A bit more than six months have passed since SVT revealed that Malmö will be the host city for the Eurovision Song Contest 2024, on July 7.
There will be televised semi-finals on 7 and 9 May. On Saturday 11 May, the final will be broadcast all over the world from Malmö Arena.
This week, Malmö‘s top politicians hammered out how Malmö‘s taxpayers’ money should be used around the giant event. The Chair of the Municipal Executive Board Katrin Stjernfeldt Jammeh said on the matter:
“A completely unanimous municipal executive board supported the distribution. Much of the work will be done out in the committees and therefore we set aside money there.”
Already last autumn, in last year’s budget, agreements were signed for around SEK 10 million – including with Malmö Arena, Malmömässan and Malmö Live.
The rest of the money that is supposed to be used for the music festival was invested by the municipal board this week:
- The Technical Committee will receive SEK 6.6 million for the work on Eurovision Park and Eurovillage at Folkets Park.
- The Culture Committee will receive SEK 1.8 million for its work on programmes and communication.
- The Recreation Committee will receive SEK 3.3 million for the work with 600 unpaid volunteers and for city decoration, such as flags and banners that will fill Malmö.
- The Municipal Executive Board is also allocating SEK 6.3 million to a wide range of general extra costs linked to the giant event.

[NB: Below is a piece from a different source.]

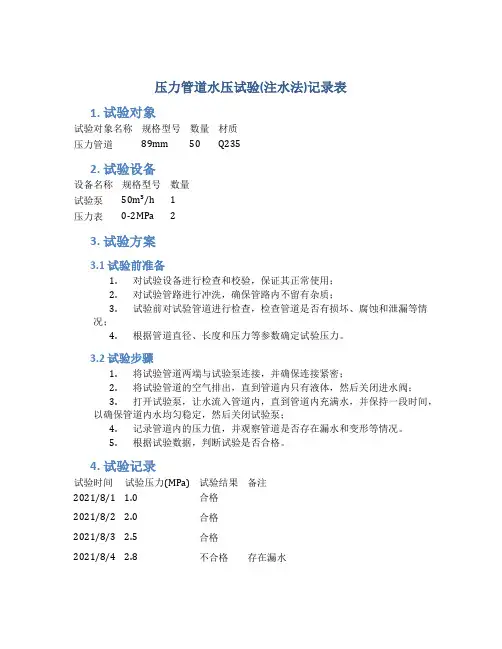 压力管道水压试验(注水法)记录表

Despite galloping inflation, this year’s Eurovision Song Contest will not be more expensive for Malmö‘s taxpayers than the contests ten years ago says the city of Malmö‘s project manager Karin Karlsson:
“More people are contributing content than they did ten years ago. We are trying to work with the business community in a much more comprehensive way than we did then.”

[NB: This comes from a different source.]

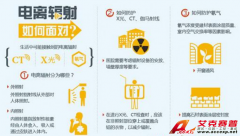 警惕醫(yī)院的X光、CT、伽馬射線 電離輻射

Already in a couple of weeks, on January 30, Farah Abadi and Pernilla Månsson Colt will lead the draw for places in the two semi-finals. At the same time, the world is under pressure from major international conflicts, such as the wars in Ukraine and Gaza.
Shortly after the announcement that Malmö will be the host of the Eurovision Song Contest, the Swedish Security Service raised the terrorist threat level in Sweden. On 1 November, a total bag ban was introduced at major events. It is still unclear what additional and stricter security measures may be required ahead of the giant competition in Malmö. But politicians know that it could lead to new costs for the city. Karin comments:
“As far as security is concerned, we are waiting for information from the police. This will have consequences for the centre of Malmö as a whole. We are already working preventively by trying to choose places with perimeter protection and places we are used to working with.”

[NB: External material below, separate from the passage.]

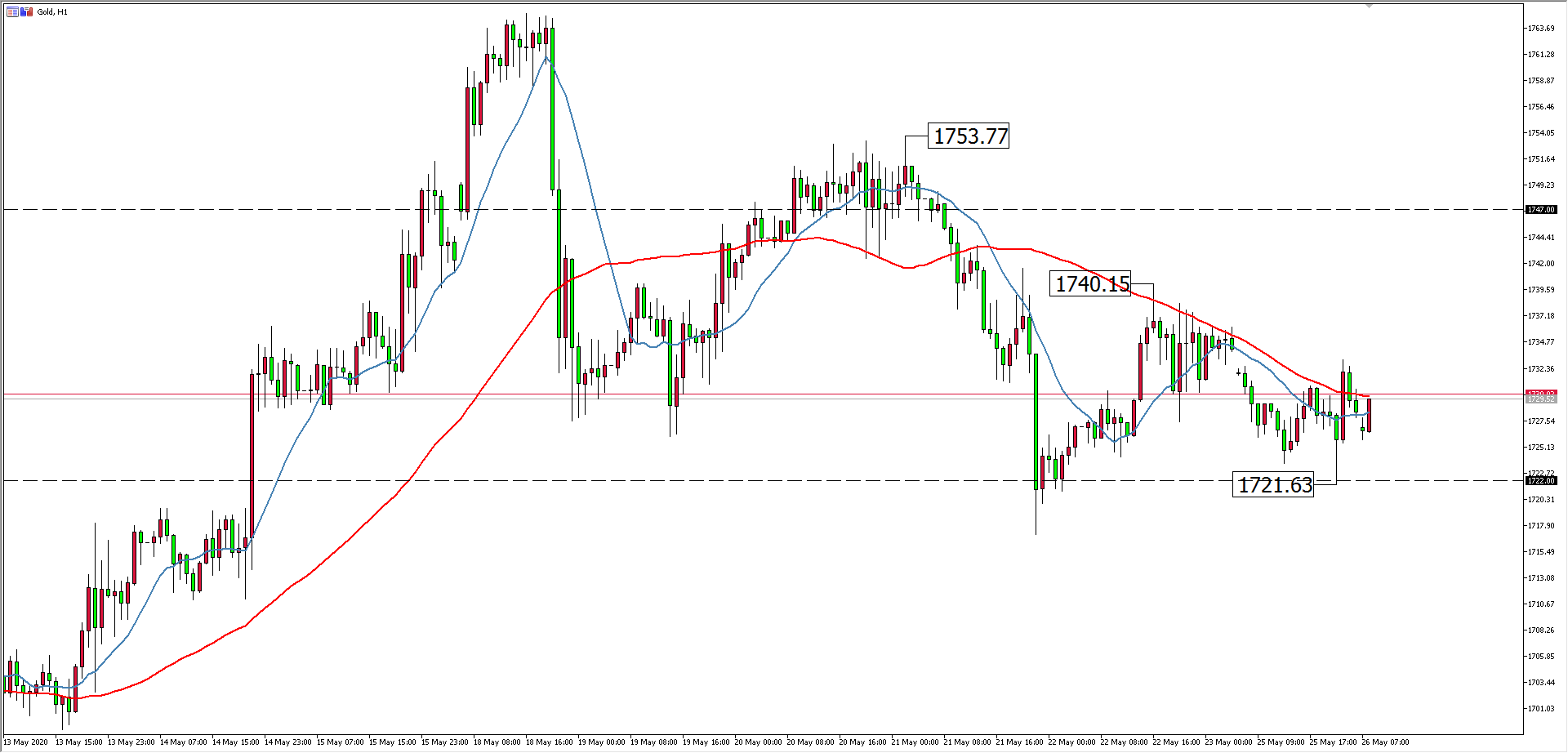 黃金價格走勢圖:黃金小時圖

“In the first instance, public transport will be offered.” says the municipal board’s decision document. One can assume that this will be offered to the volunteers and press that are attending to work on the contest. But would that also mean that the artists will also travel by bus or train to the competition arena in Hyllie? Karin Karlsson responds:
“No, that’s where the line is drawn. We have a special responsibility to ensure that they arrive on time. The participants will travel in rented buses or electric cars. It’s Malmö’s advantage that we have such good public transport. It’s also a way to save money. We want the whole event to be used by public transport.”